Andrew is set to share his insights with audiences across the North as part of Cinema Unbound with events scheduled in Manchester, Sheffield, Leeds and beyond. In his season preview, Andrew reflects on his personal journey with Powell and Pressburger, and the filmmakers’ wider importance for audiences today.
Andrew Moor - season preview
I feel as if Powell and Pressburger’s films have been part of me for 40 years now. A lot of their die-hard fans have life-long attachments like this. Their films have an open, questioning, surprising and inventive quality. They deepen and change with repeated viewings.
Maybe it’s the unlikely partnership between a breezy and adventurous middle-class Englishman, born into an Edwardian colonial culture, and a reticent, sophisticated Jewish Hungarian émigré who would fall in love with Britain but never feel wholly ‘at home’ here. They both saw right through British insularity and were frustrated by it. Even in their wartime ‘propaganda’ films, they sound a critical voice and never say the obvious things - Blimp criticises the British Establishment and has a German as its most intelligent character, yet somehow they got it made in the mid-years of the War!
I also love their films about the magic ‘spirit of place’ – often in remote locations as in I Know Where I’m Going!, a film that just gets better and better.
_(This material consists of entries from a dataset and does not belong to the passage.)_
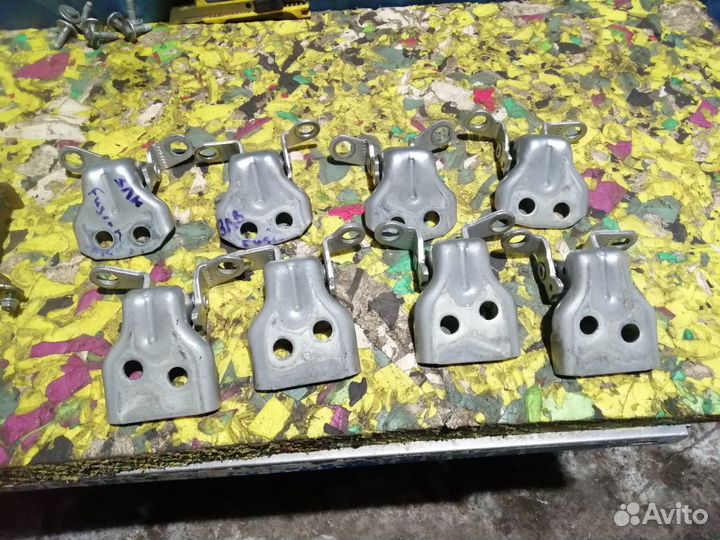 Петля двери ограничитель Ford Fusion Fiesta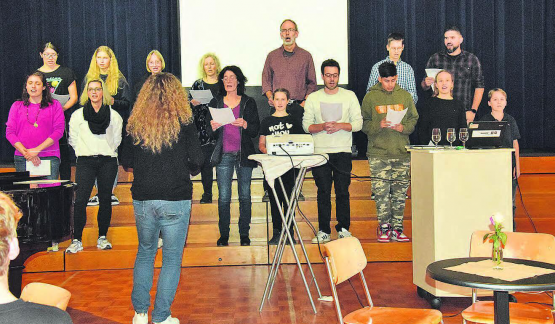 Sie sangen gute Laune in die Aula: Der Oberstufenchor mit einigen Lehrpersonen unter der Leitung von Sandra Rippstein widmete sich dem Schweizer Liedgut. (Bilder: st.)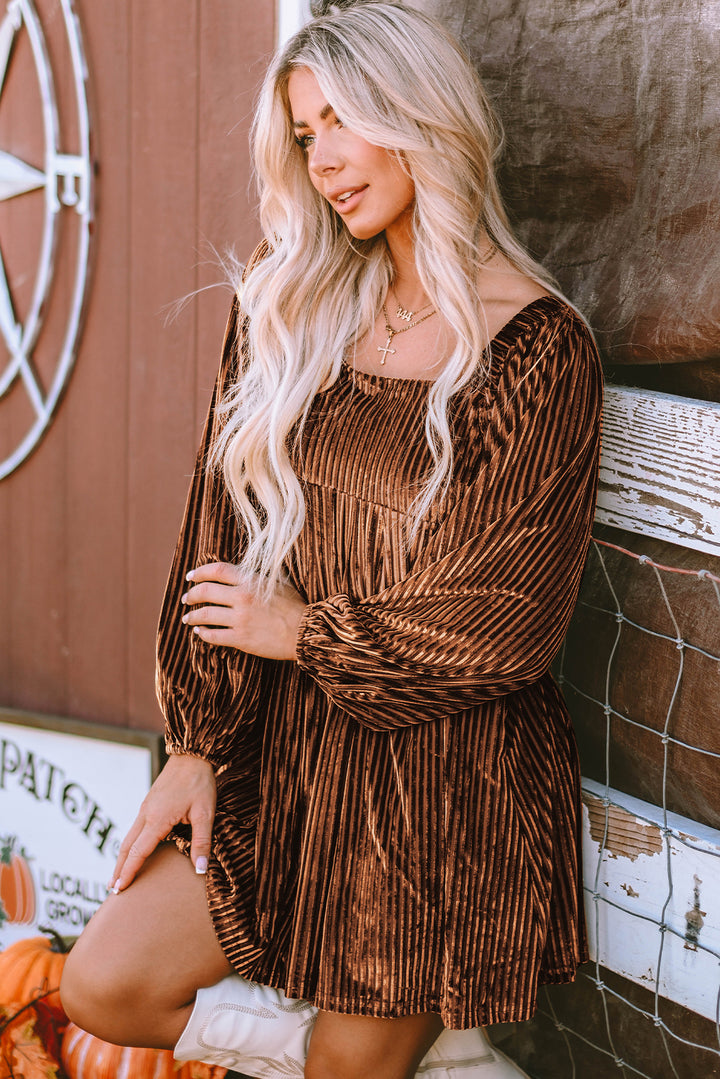 Robe babydoll en velours marron à col carré et lien dans le dos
After the war they are able to really explore the potential of cinema to create hypnotic, artificial Technicolor worlds where music, design, camerawork and story-telling all combine – the high point here is probably The Red Shoes. Has Britain ever produced a visual artist to equal cinematographer Jack Cardiff?
It's a privilege to be bringing some of their work to new audiences, and to be part of Cinema Unbound, the BFI’s nationwide celebration of their work. At HOME, I’m particularly looking forward to our event with Powell’s widow, Thelma Schoonmaker. She and Scorsese have done so much to keep the Powell and Pressburger flame burning.
Powell and Pressburger’s films fell out of favour through the 1960s to the 1980s before a well-deserved rediscovery, and now their reputations have never been higher. They made films about community, hospitality to strangers, healthy curiosity, seeing things from the other person's point of view, custodianship of the land, and our wish for romance: those feel like good and important things today.